V240 no OBP or console available

Hey guys,
I recently replaced the heatsinks on two different V240's. Repasted and replaced them myself. After attempting to bring them back up, there was no display coming from the KVM. I figured it was a matter of environment in OBP and attempted to get to the OK prompt from the ALOM. I let the login in expire, and the OK prompt never came. Went in through the ALOM and sent a break command and tried console -f. Still nothing. I have scoured the internet and exhausted all resources at my disposal to no avail. It seems to me that something I did is causing the system to hang up, or perhaps enter a boot cycle that I can't break. I've been working this over a week and am drained. Any advice or suggestions are welcomed. ANY. Thank you in advanced.

P.S. It may be simpler than I am thinking, because I am experiencing the same exact issues on two separate servers... just a thought.

First, you need CPU's to get an OK prompt. I think you screwed up your CPU's somehow. I have no 240's left so this is from imperfect memory. I used to be able to defeat the case switch so I could run the 240 with the cover off. Those heat sinks have a couple of fans on each one. Are the blades spinning? (BTW, over the last few years that I had 240's I never saw a replacement heat sink that used paste. I assume that yours required that paste you used.) Try reseating the CPU's. This is probably the key. My guess is that you reseated all 4 cpu's wrong.

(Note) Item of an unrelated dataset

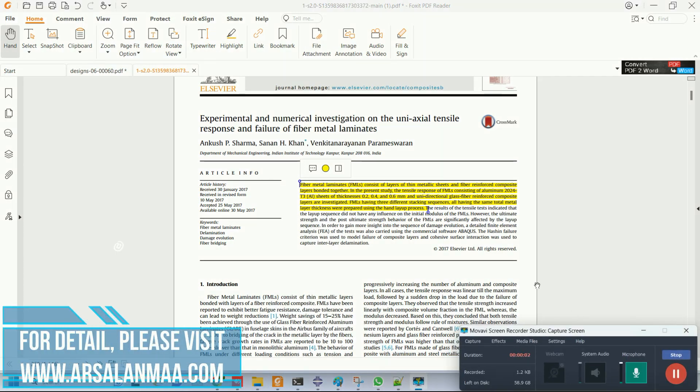Hello everyone, I am Arslan. I am back again with a new tutorial regarding modeling of fiber metal laminate composites.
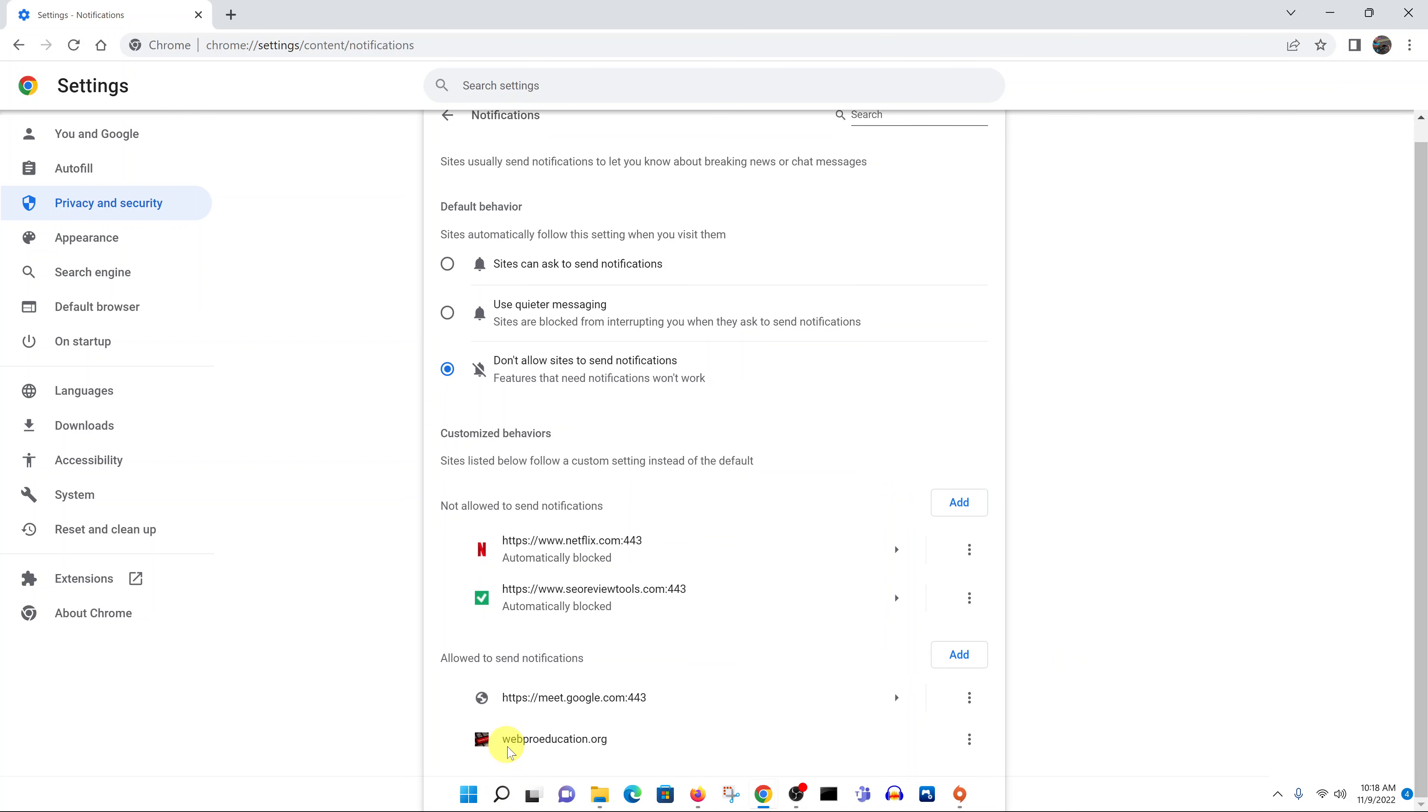So that's how you can add exceptions. Thanks for watching, leave your comments and questions down below, and good luck.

The next most likely idea is that you got 4 bum replacement heat sinks. A final thought is maybe you forgot to plug the heat sinks in. Check for spinning heat sink fan blades will quickly disprove the last two ideas.

In the worst case buy some replacement 240's on ebay. And when the heat sink fans break, hire a tech to replace the heat sinks rather than doing it yourself.

we replace the fans on v125 without removing the heatsink (I think its the same as in v240), its not very hard.
perhaps you should check if RAM modules are seated properly, too.

What do you mean by this??? You let what login expire?

Are you saying that from a cold power up, you get no output whatsoever?

You mention a KVM. This is connected to which port on the V240?

Is everything definitely connected the same way it was before you worked on the box?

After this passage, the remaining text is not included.